Step 3 :Substitute $\cos 2x$ with $\cos^2 x - \sin^2 x$ in the LHS, we get $\frac{\cos^2 x - \sin^2 x}{\sin ^{2} x+\frac{1}{2} \sin 2 x}$.
Step 4 :Next, we can simplify the denominator by using the double angle formula for sine, which is $\sin 2x = 2\sin x\cos x$. Substitute $\sin 2x$ with $2\sin x\cos x$ in the denominator, we get $\frac{\cos^2 x - \sin^2 x}{\sin ^{2} x+\sin x\cos x}$.
Step 5 :We can further simplify the expression by dividing both the numerator and the denominator by $\sin^2 x$. We get $\frac{\cot^2 x - 1}{1+\cot x}$.

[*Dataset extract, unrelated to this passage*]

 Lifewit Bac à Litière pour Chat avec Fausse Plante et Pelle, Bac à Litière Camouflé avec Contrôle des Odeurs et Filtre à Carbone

Step 6 :The expression $\frac{\cot^2 x - 1}{1+\cot x}$ can be rewritten as $\cot x - 1$ by using the method of partial fraction decomposition.
Step 7 :Therefore, we have shown that the LHS of the equation is equal to the RHS, which is $\cot x - 1$. Hence, the identity $\frac{\cos 2 x}{\sin ^{2} x+\frac{1}{2} \sin 2 x}=\cot x-1$ is proven.